WORK TASK
Look through the data below and extract, unchanged, the lines from the one that contains "Chocolate Candy Food" to the one that contains "Green Homes for", both included.

MATERIAL PROVIDED
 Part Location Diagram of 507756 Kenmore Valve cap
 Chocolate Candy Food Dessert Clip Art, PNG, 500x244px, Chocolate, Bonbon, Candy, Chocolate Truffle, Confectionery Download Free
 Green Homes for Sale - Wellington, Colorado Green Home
==
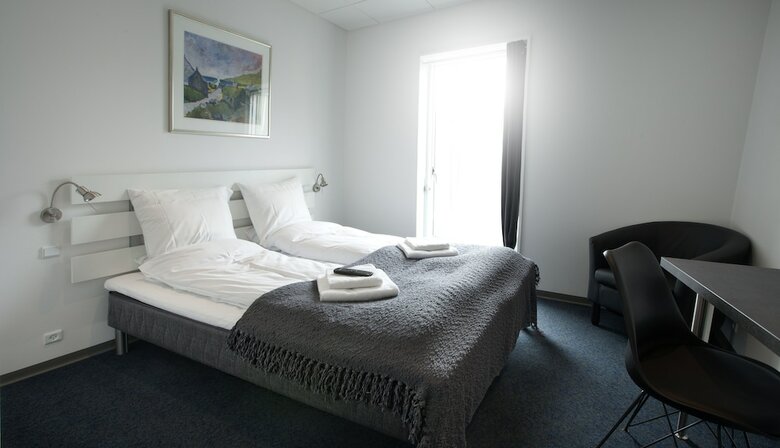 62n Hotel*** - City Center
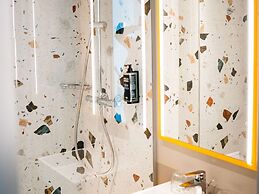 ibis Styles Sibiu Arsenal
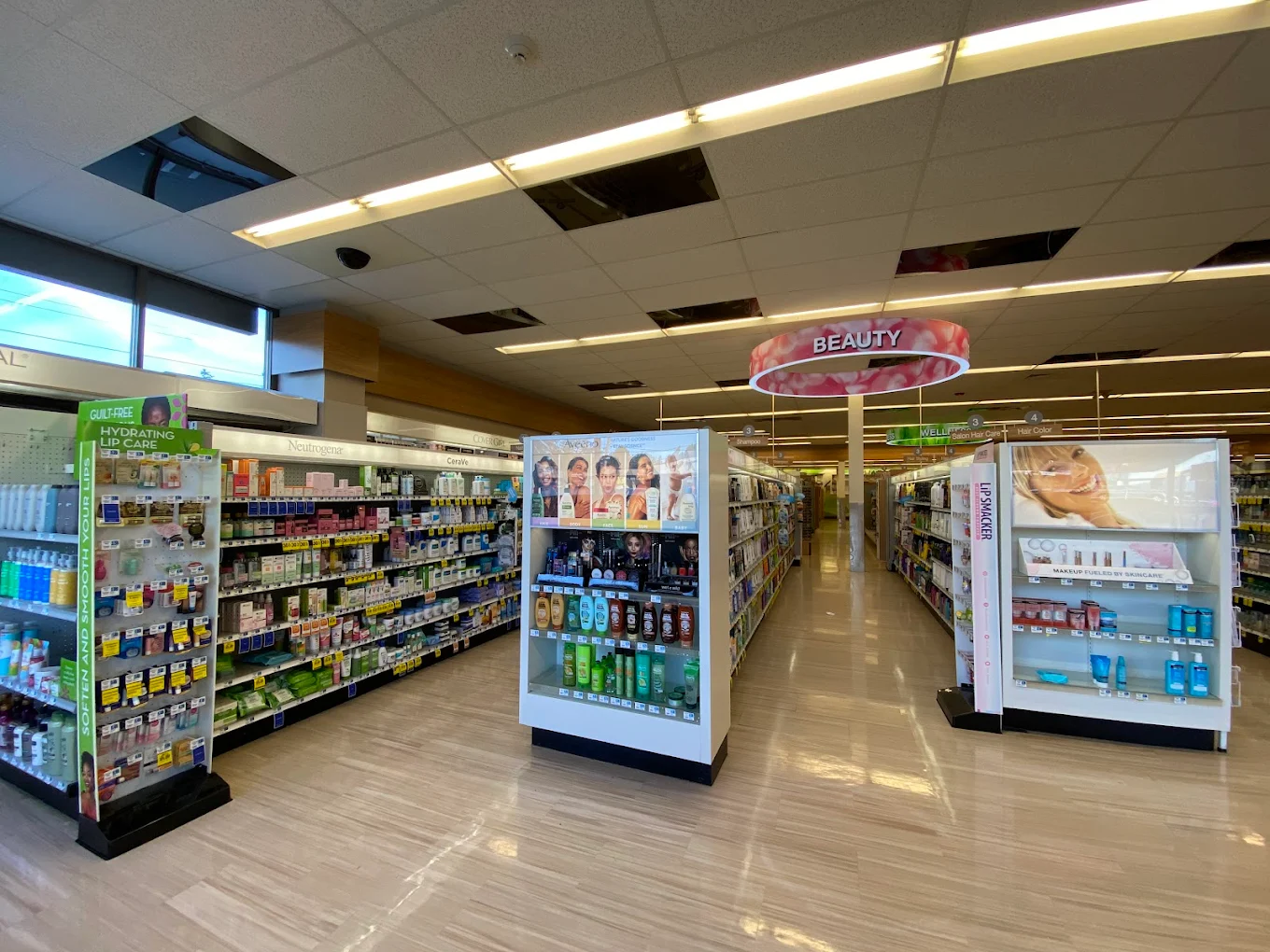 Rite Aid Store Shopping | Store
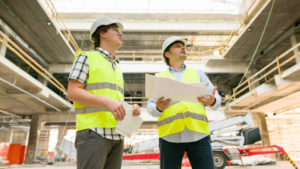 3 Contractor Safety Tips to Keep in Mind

RESPONSE FOR THIS EXERCISE
 Chocolate Candy Food Dessert Clip Art, PNG, 500x244px, Chocolate, Bonbon, Candy, Chocolate Truffle, Confectionery Download Free
 Green Homes for Sale - Wellington, Colorado Green Home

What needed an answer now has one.